- [What the task asks] For this exercise, the lines from the one with "A policewoman patrols" through the final line of the data below are to be transcribed exactly, and pictures are to be skipped.

▼

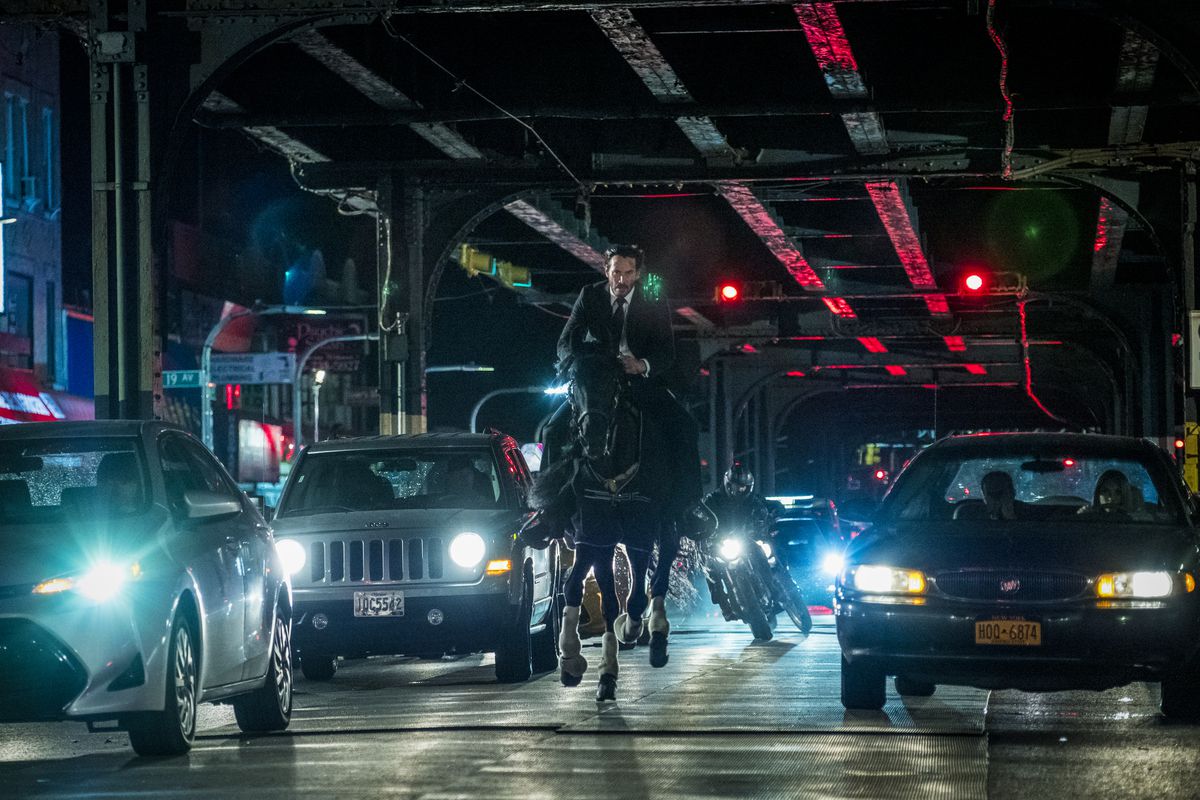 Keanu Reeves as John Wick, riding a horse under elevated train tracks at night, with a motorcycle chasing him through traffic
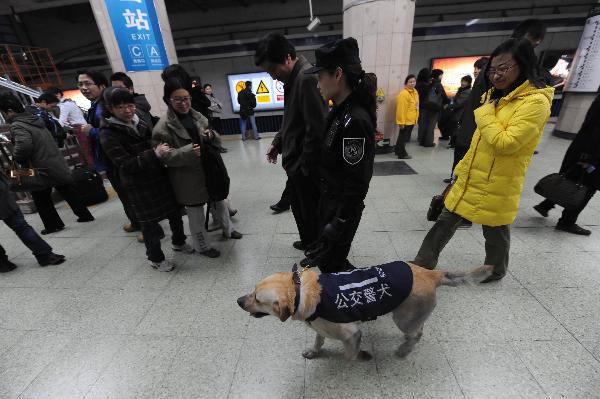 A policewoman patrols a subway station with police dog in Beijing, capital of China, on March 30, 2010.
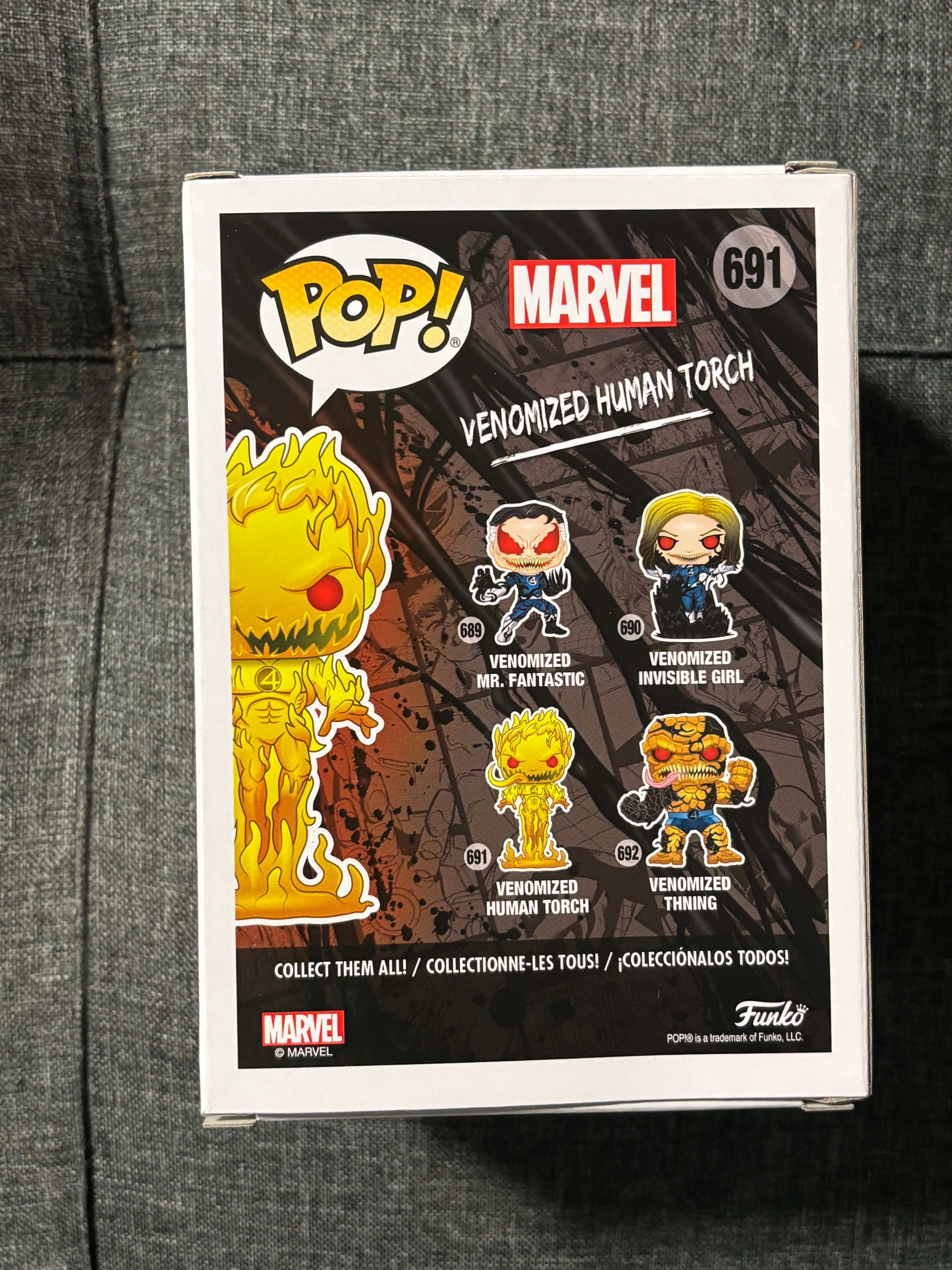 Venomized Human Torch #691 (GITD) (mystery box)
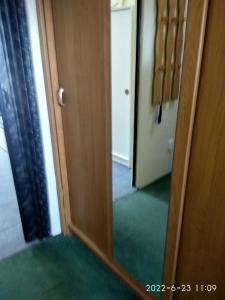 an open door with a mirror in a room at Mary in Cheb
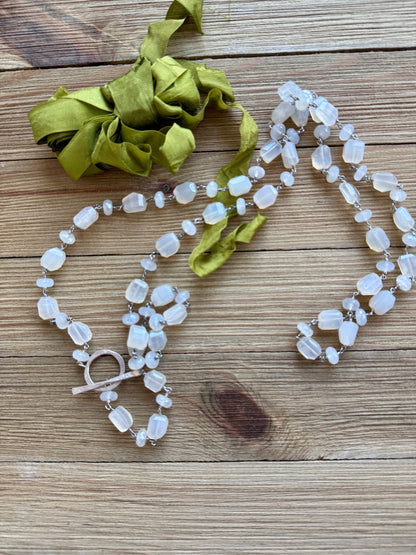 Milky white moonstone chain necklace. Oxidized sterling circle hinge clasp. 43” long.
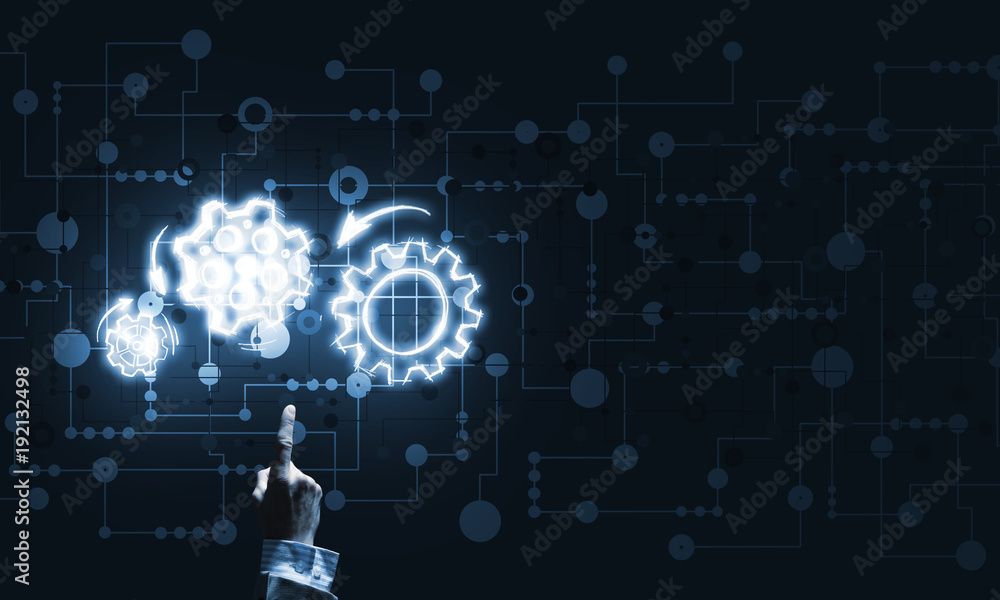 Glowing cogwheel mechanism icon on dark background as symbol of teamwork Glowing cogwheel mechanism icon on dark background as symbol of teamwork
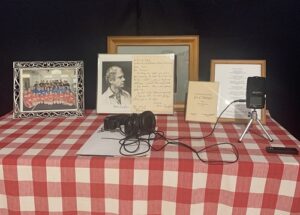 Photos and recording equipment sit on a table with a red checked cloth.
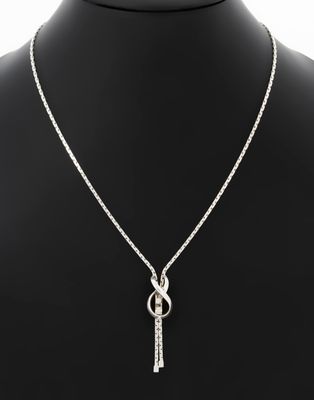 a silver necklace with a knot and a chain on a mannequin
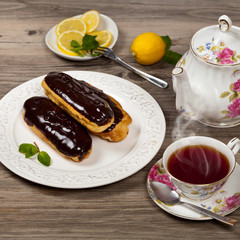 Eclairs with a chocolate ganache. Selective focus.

▲

- [Result]
 A policewoman patrols a subway station with police dog in Beijing, capital of China, on March 30, 2010.
 Venomized Human Torch #691 (GITD) (mystery box)
 an open door with a mirror in a room at Mary in Cheb
 Milky white moonstone chain necklace. Oxidized sterling circle hinge clasp. 43” long.
 Glowing cogwheel mechanism icon on dark background as symbol of teamwork Glowing cogwheel mechanism icon on dark background as symbol of teamwork
 Photos and recording equipment sit on a table with a red checked cloth.
 a silver necklace with a knot and a chain on a mannequin
 Eclairs with a chocolate ganache. Selective focus.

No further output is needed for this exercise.